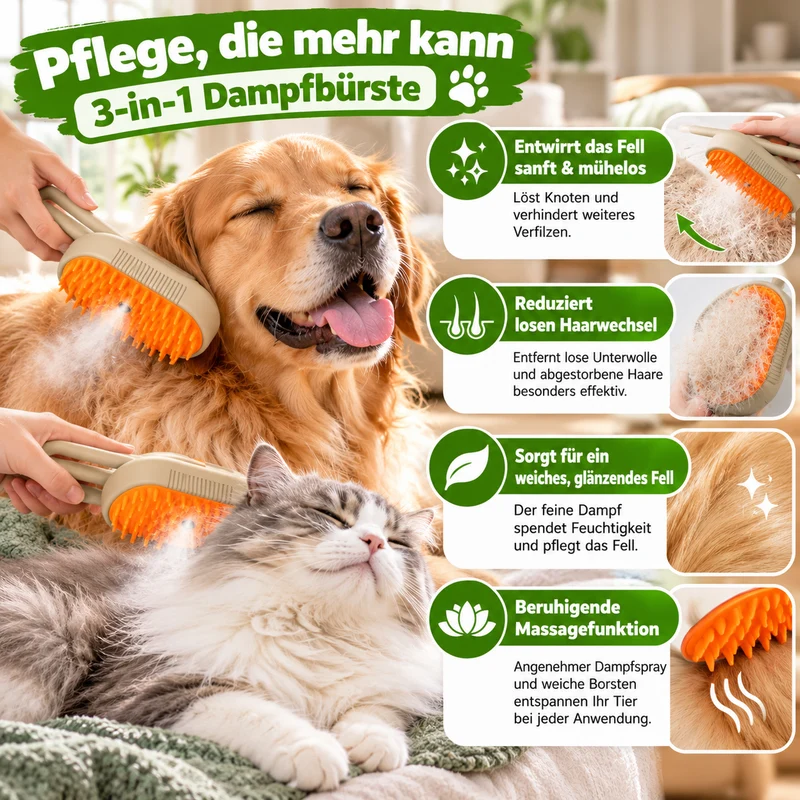 3-in-1 Elektrische Dampfbürste für Hunde & Katzen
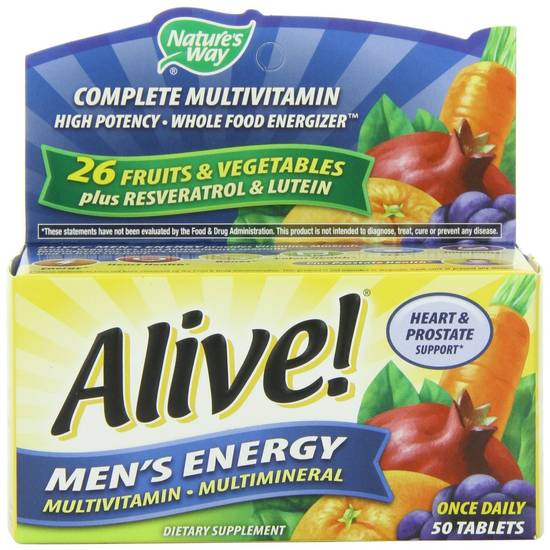 Order Nature's Way Alive! Men's Energy Multivitamin Tablets (50 ct) food online from Rite Aid store, Palm Desert on bringmethat.com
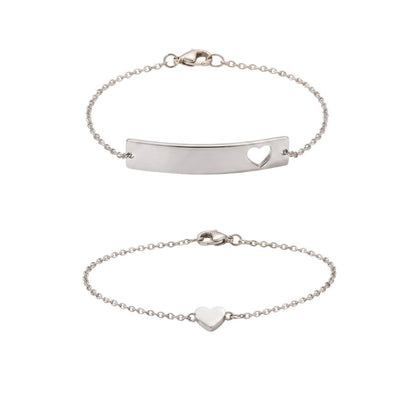 Minimal Heart Bracelet Duo Set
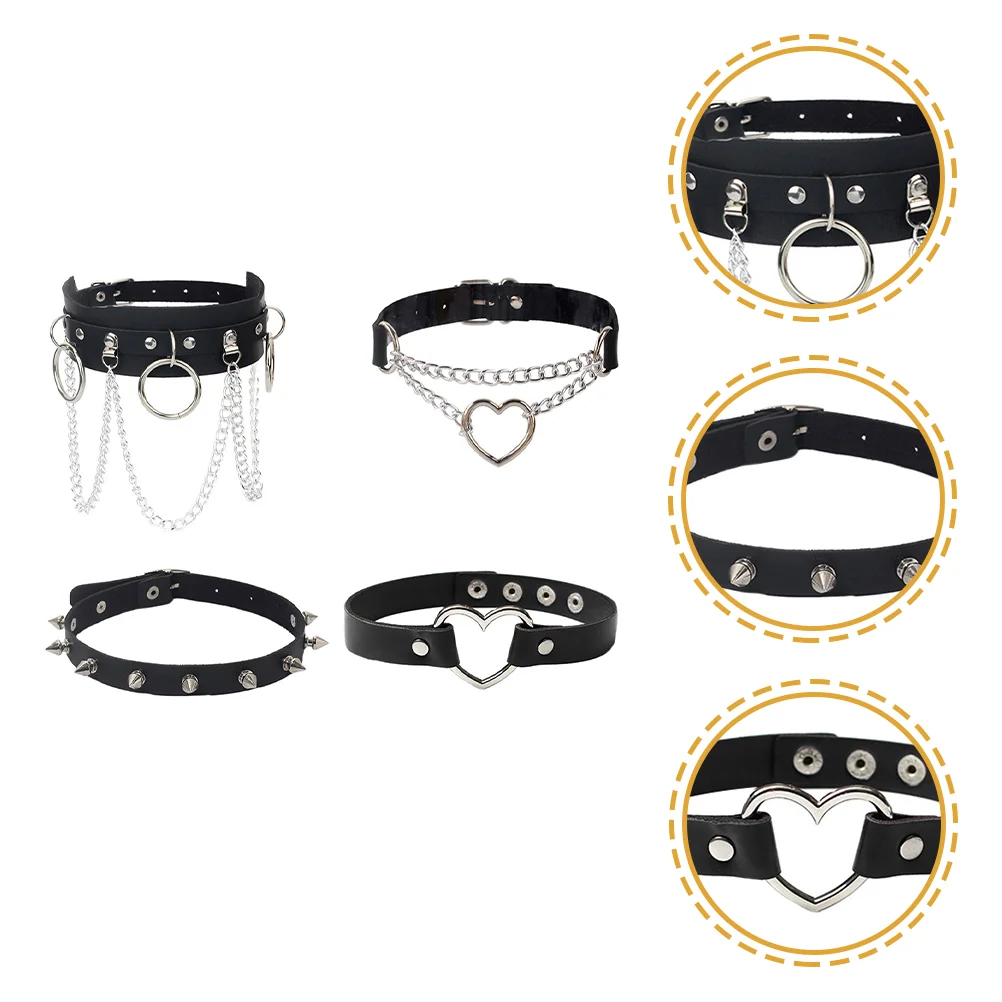 

4pcs Personalized Gothic Punk Chokers Spike Necklaces Women Choker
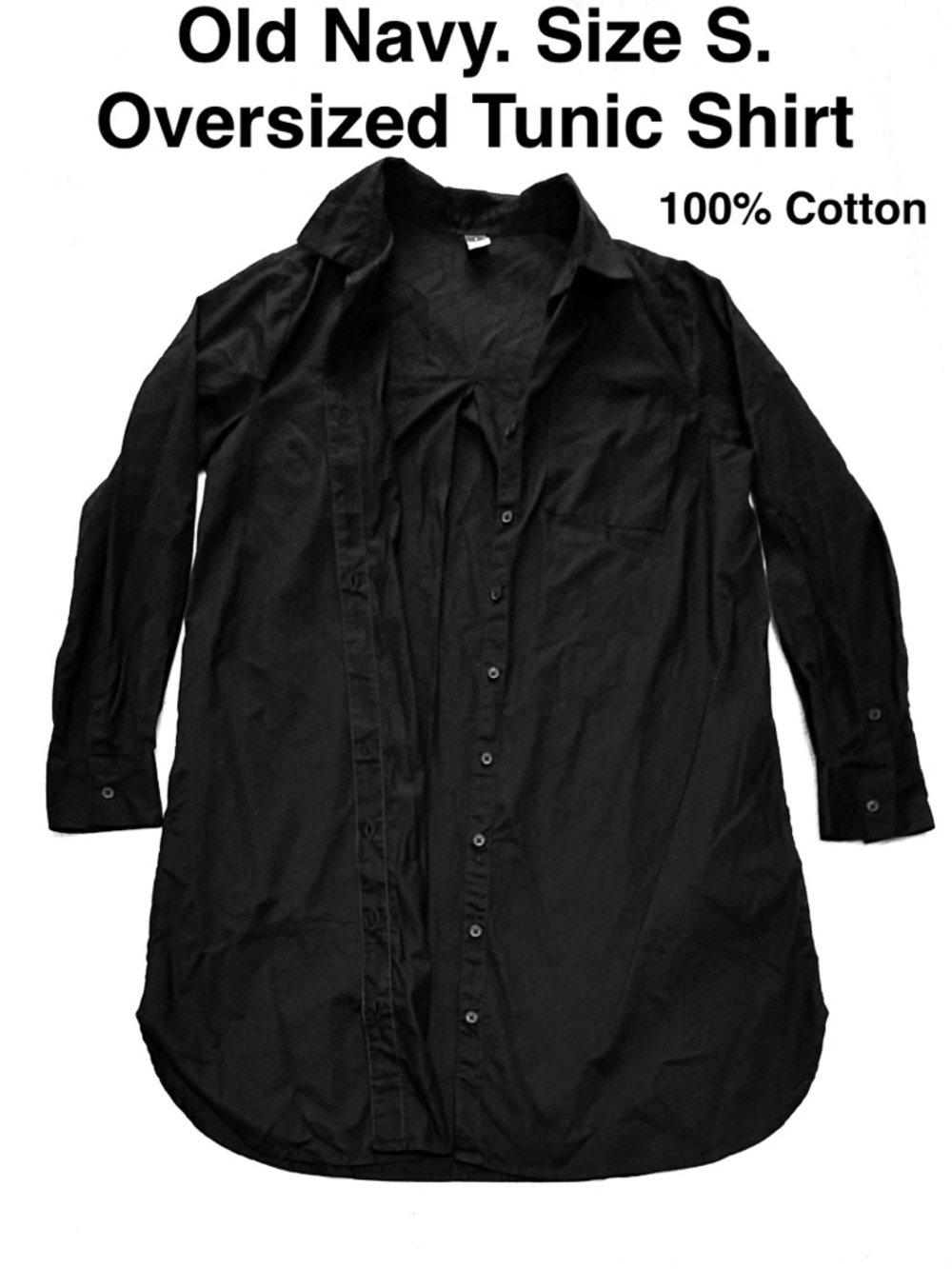 5/$15💥 Old Navy Black Oversized Tunic Shirt Cotton Casual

■ ■ ■ ■ ■ ■ ■

### What you need to do
A word-for-word copy of the lines from the one with "4pcs Personalized Gothic" through the final line of the listing above is the whole answer, and it contains no pictures.

### Solution for this task
4pcs Personalized Gothic Punk Chokers Spike Necklaces Women Choker
 5/$15💥 Old Navy Black Oversized Tunic Shirt Cotton Casual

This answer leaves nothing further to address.